A fellow pastor recommended Timothy Keller’s Counterfeit Gods (New York: Dutton, 2009) to me after I had stated that the Bible teaches that the fundamental human problem is idolatry.  I highly recommend it and here’s why.

            Keller has a broad understanding of an idol as  “… anything more important to you than God, anything that absorbs your heart and imagination more than God, anything you seek to give you what only God can give” (xvvii).  Such an understanding allows him to explain how success, power, sex, money, and even religion can be idols.  Furthermore, Keller demonstrates that idolatry is not only a personal but also a cultural phenomenon that possesses nations, classes and eras.

            As a pastor, Keller is very effective in using biblical stories to demonstrate the problem of idolatry and then points to the work of Jesus Christ that frees us from it.  For me his commentary on Leah as the woman who desperately wanted the love of her husband Jacob and finally decided to turn to the praise of God was compelling.  That she gives birth to Judah, the heir to the messianic promises and ancestor of Jesus Christ, is a wonderful picture of how God blesses those who look to him even though they don’t possess what society values.

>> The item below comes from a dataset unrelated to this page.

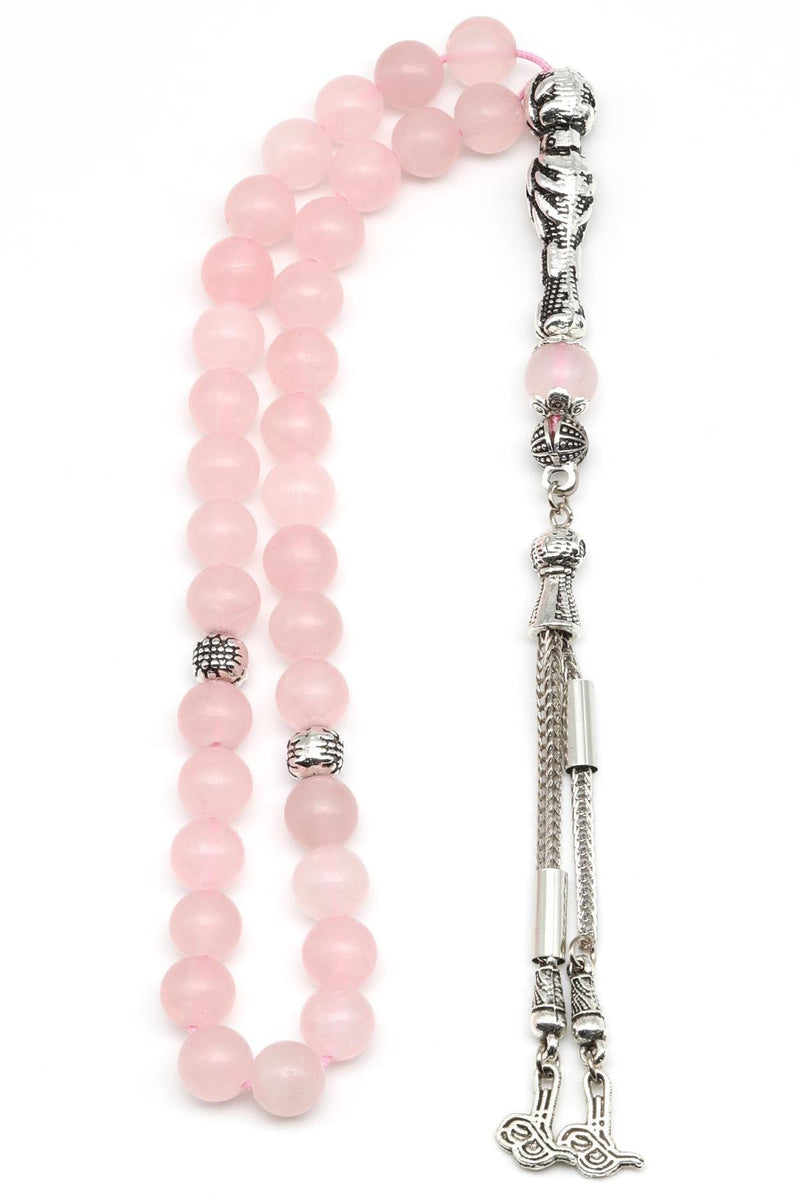 Pembe Kuvars Doğal Taş Tesbih 8 mm Küre Kesim - Görsel 2 - Safnaturel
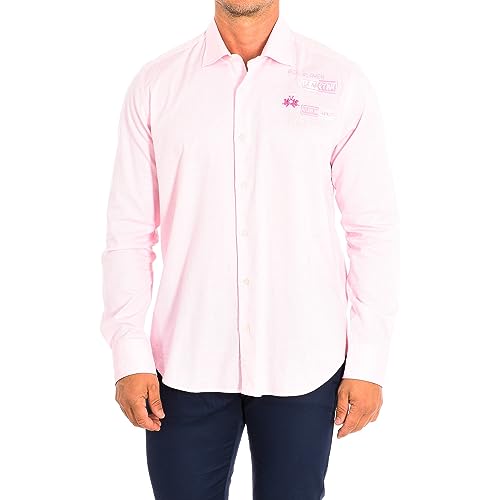 La Martina TMC602-OX083 camicia uomo L maniche lunghe elegante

            The implications for Christian spirituality are an important theme developed by Keller.  Since we relate to idols by loving, trusting and obeying them, idolatry both stems from and results in psychological and emotional problems.  The false idols that we love, such as success, are revealed in our daydreams in which we fancy that they have made us valued and significant.  We trust in idols to save us from what we fear most and give us a sense of security.  Whatever controls us or what must we have if our life is to have meaning is the idol that we serve (xxi-xxiii).  On the other hand, Keller points out that we can only experience our true worth, be healed, and freed by loving, trusting, and serving the true God revealed in Jesus Christ.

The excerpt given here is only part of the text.